Data below —
▬▬▬▬▬▬

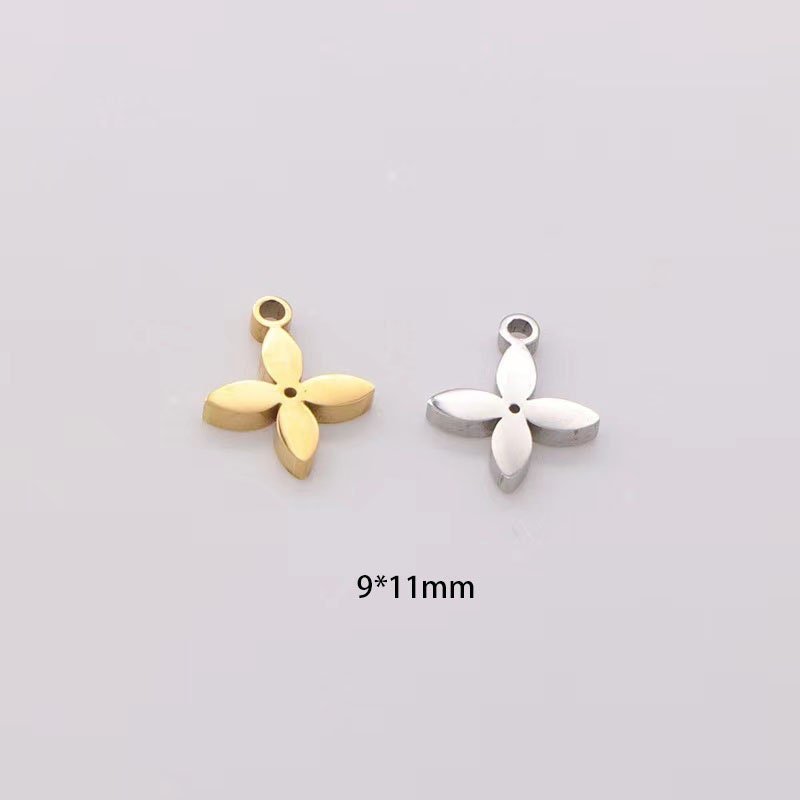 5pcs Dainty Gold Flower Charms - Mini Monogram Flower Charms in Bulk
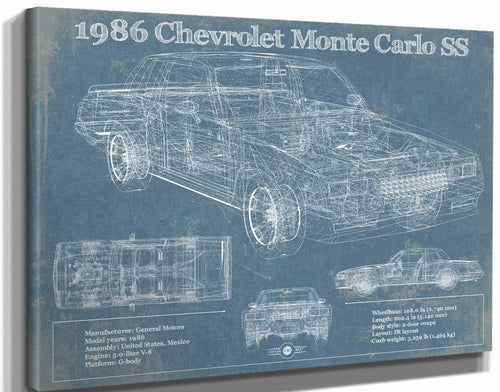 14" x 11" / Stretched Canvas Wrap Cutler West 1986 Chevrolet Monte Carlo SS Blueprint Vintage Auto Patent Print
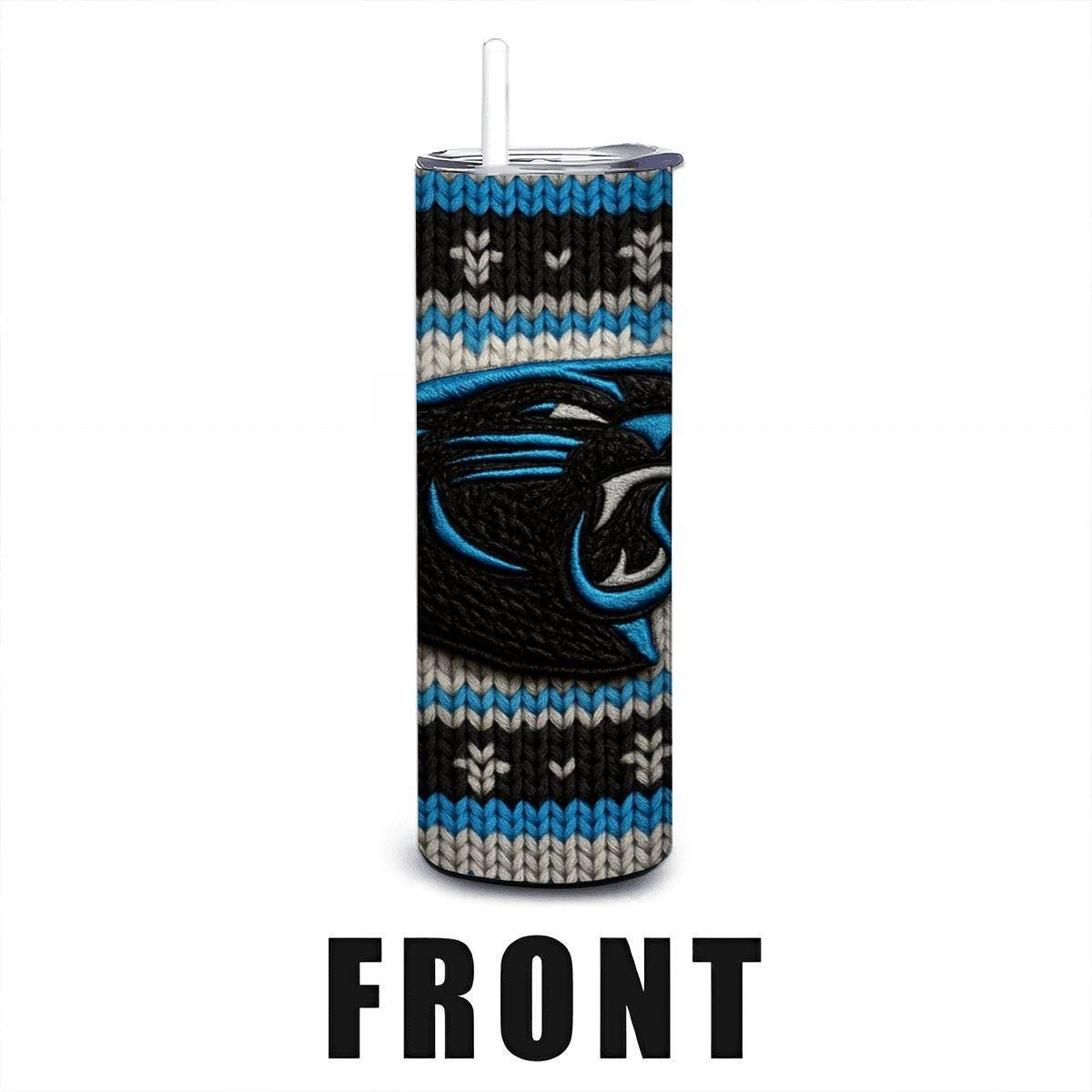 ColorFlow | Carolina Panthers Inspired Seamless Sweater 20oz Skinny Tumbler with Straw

▬▬▬▬▬▬

Go through the data above and transcribe it in full, omitting any image.

Exercise result —
 5pcs Dainty Gold Flower Charms - Mini Monogram Flower Charms in Bulk
 14" x 11" / Stretched Canvas Wrap Cutler West 1986 Chevrolet Monte Carlo SS Blueprint Vintage Auto Patent Print
 ColorFlow | Carolina Panthers Inspired Seamless Sweater 20oz Skinny Tumbler with Straw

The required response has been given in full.